Genehmigte Lizenzausgabe
für marixverlag GmbH, Wiesbaden 2014
© by Verlag Friedrich Pustet, Regensburg, 2004
Bildnachweis: Jeanne d'Arc küsst das Schwert der Befreiung,
Gemälde von Dante Gabriel Rossetti, 1863.
© Christie's Images Ltd – ARTOTHEK
eBook-Bearbeitung: Bookwire GmbH, Frankfurt am Main

ISBN: 978-3-8438-0426-4

www.marixverlag.de

INHALT

Einleitung

von Almut Schneider

Friedrich II

Antichrist und Friedenskaiser von Wolfgang Stürner

Timur der Schreckliche

von Felicitas Schmieder

Sankt Georg in Martern, Krieg und andern Nöten

Ein Romanheiliger verschriftet und verkörpert sich von Wolfgang Haubrichs

Jeanne d’Arc

Eine Frau entscheidet Frankreichs Schicksal von Sabine Tanz

Robin Hood

Seine Resonanz im ausgehenden englischen Mittelalter von Günther Blaicher

„… Und auf Knien beteten sie ihn mit unermesslicher Freude an“

Die Geburt Christi in der Malerei um 1400 von Andrea Gottdang

Dantes Beatrice und die Poetik des Heils

von Gerhard Regn

Fortuna

von Jan-Dirk Müller

Satan im späten Mittelalter

Vom gefallenen Engel zum Gegengott von Johannes Grabmayer

Tod und Totentanz

von Gerd Dicke

Autorinnen und Autoren

Editorische Vorbemerkung

Die mittlerweile rund 80 Bände umfassende Buchreihe marixwissen, in der nun Menschen, die Geschichte schrieben – Das Spätmittelalter vorliegt, steht seit vielen Jahren für Publikationen, die aus kompetenter Hand komplexe Zusammenhänge einer breiten Leserschaft zugänglich macht.

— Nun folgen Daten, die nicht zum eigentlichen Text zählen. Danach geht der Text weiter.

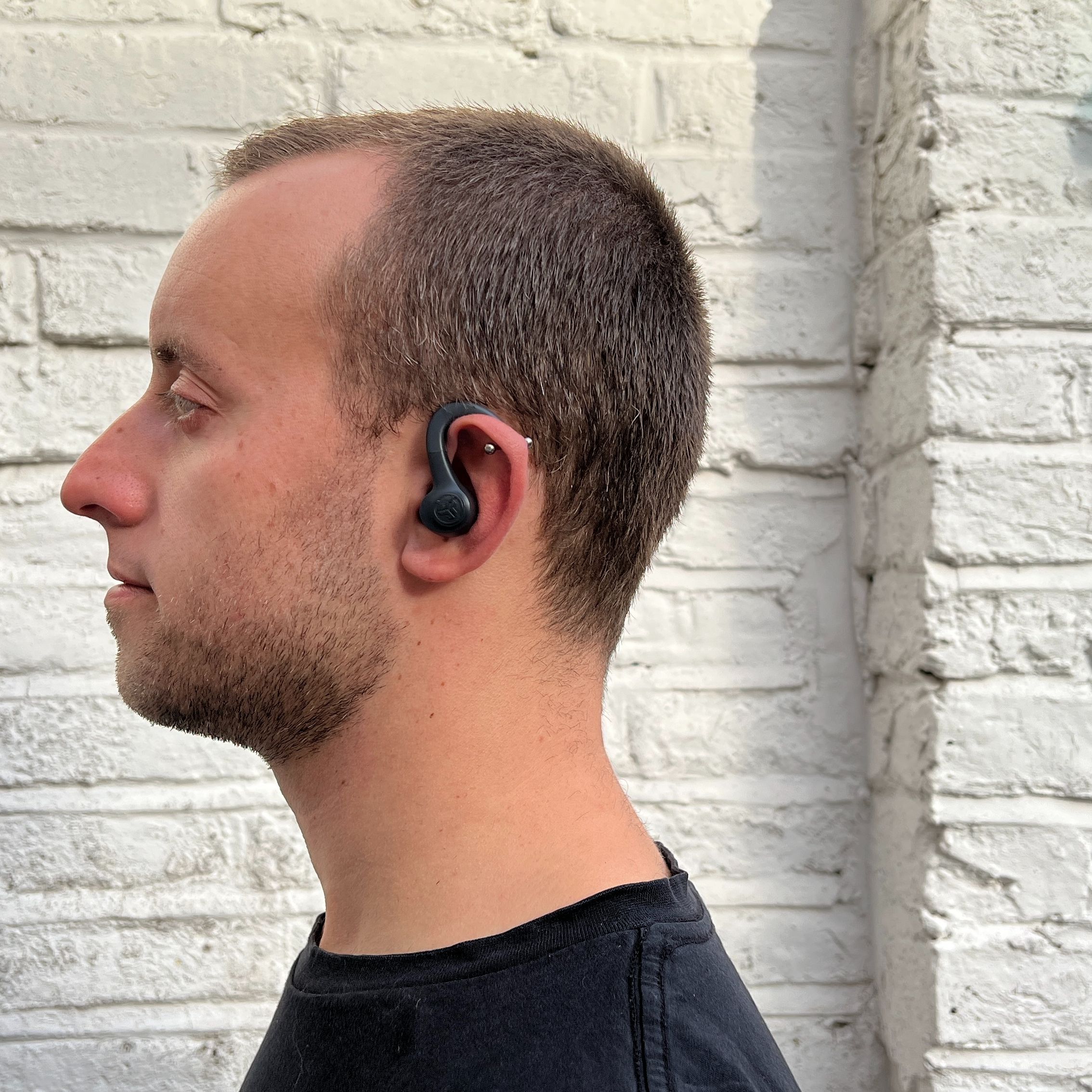 How to reset JLab Go Sport earbuds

Aus diesem besonderen Grund legen wir nun eine siebenbändige Reihe wieder auf, die vormals im Pustet Verlag erschienen ist und seinerzeit leider nur einem kleinen Publikum zugänglich war. Die diesen Bänden zugrundeliegende Ringvorlesung Die Mythen Europas fasziniert durch ihre thematische Breite und löst darüber hinaus das Ziel unserer marixwissen-Reihe ein, humanistische Bildung und das Wissen Europas lebendig zu halten. Die zentralen Begriffe „Mythen“, „Europa“ und „Schlüsselfiguren“ sind heute von einer ebenso großen, wenn nicht noch größeren Bedeutung getragen. Wir legen Ihnen die Bände in ihrer Textgestalt unverändert vor, lediglich die Titel wurden der Reihe marixwissen angepasst.

EINLEITUNG

von Almut Schneider

Der vorliegende Band widmet sich der Übergangszeit vom späten Mittelalter bis zum Beginn der Neuzeit und damit der Zeit von der Mitte des 13. Jahrhunderts bis nach 1500. Die Grenzen dieser Epoche – wenn sie sich mit der Vielfalt und Vielschichtigkeit ihrer Strömungen und Entwicklungen als eine solche überhaupt bezeichnen lässt – sind unscharf: Altes und Neues, Tradition und Innovation befinden sich auch hier im steten Nebeneinander. Am Beginn der Zeitspanne steht in Deutschland – nach dem Ende der Stauferzeit – das Interregnum als eine Phase, in der es nach dem Tod Friedrichs II. zwar etliche Könige gibt, doch keinen, der Frieden und Recht im Reich sichern kann. An ihrem Ende finden sich vielfältige Faktoren, die den Übergang zur Neuzeit einleiten: Buchdruck, Humanismus, Reformation und Renaissance sind nur einige Stichworte, die diesen Übergang markieren. So ist statt von einer Epochengrenze eher von einer allmählichen Ablösung vom Mittelalter zu sprechen, die sich in den Ländern Europas in unterschiedlicher Weise vollzieht. Dennoch lassen sich Charakteristika dieses Zeitraums skizzieren, die ihren Niederschlag auch in der Gestaltung von Schlüsselfiguren finden. Das Epochengefühl des Spätmittelalters ist das der Krise. Grund dafür sind insbesondere wirtschaftliche und soziale Faktoren: Pestwellen und Hungersnöte prägen das 14. und 15. Jahrhundert, auch als Folge klimatischer Veränderungen. Die Allgegenwart des Todes, der den Einzelnen mitten aus dem Leben reißt, ist unübersehbar und provoziert die Frage nach eigener Schuld und Sündhaftigkeit – und damit auch nach dem Bösen in der Welt, personifiziert in der Figur Satans.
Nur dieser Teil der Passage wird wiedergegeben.